Please write out all of the data below exactly, without including the pictures.

Records drawn from a dataset:

=== Begin Enclosure ===

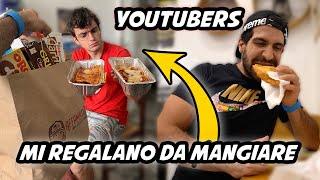 MANGIO GRATIS DAGLI YOUTUBERS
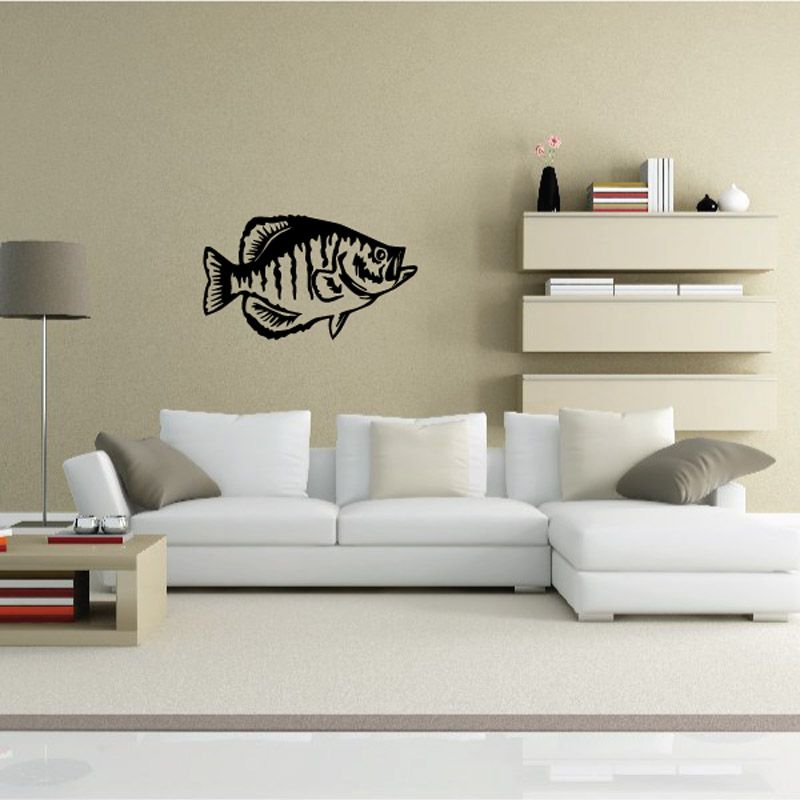 Image of Striped Long Eared Sunfish Decal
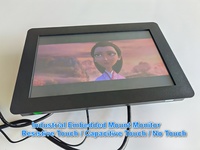 Monitor de Pantalla Táctil HD de 10/10.4 Pulgadas con Táctil Resistivo/Capacitivo, Resolución 1280x800, Interfaces VGA/HD/USB, Serie Empresarial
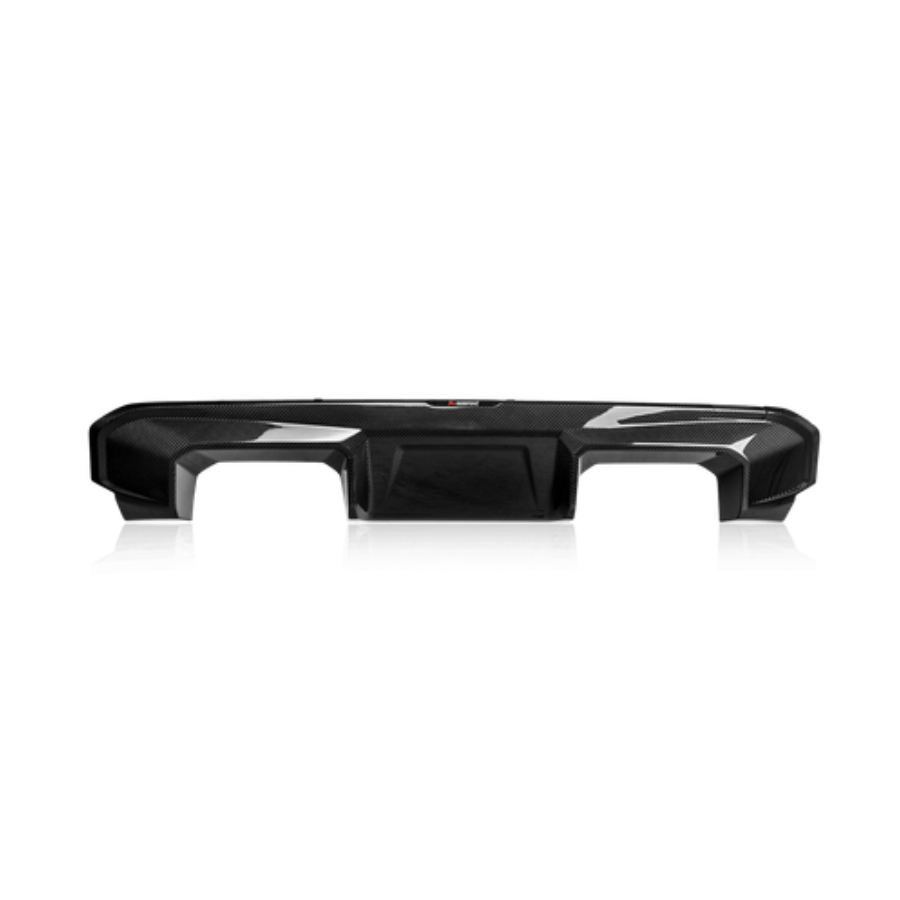 Akrapovič BMW M3/M4 (G80/G81/G82/G83) Carbon Fiber Rear Diffuser (Gloss)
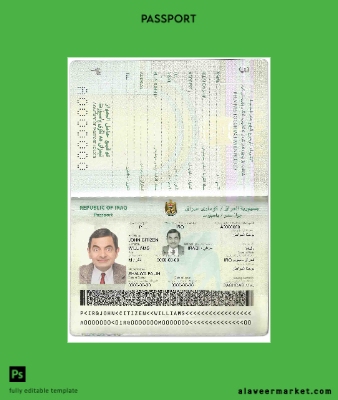 Irak Pasaport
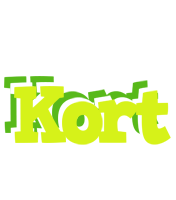 Kort citrus logo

=== End Enclosure ===

SOLUTION TO THIS PROBLEM >>
 MANGIO GRATIS DAGLI YOUTUBERS
 Image of Striped Long Eared Sunfish Decal
 Monitor de Pantalla Táctil HD de 10/10.4 Pulgadas con Táctil Resistivo/Capacitivo, Resolución 1280x800, Interfaces VGA/HD/USB, Serie Empresarial
 Akrapovič BMW M3/M4 (G80/G81/G82/G83) Carbon Fiber Rear Diffuser (Gloss)
 Irak Pasaport
 Kort citrus logo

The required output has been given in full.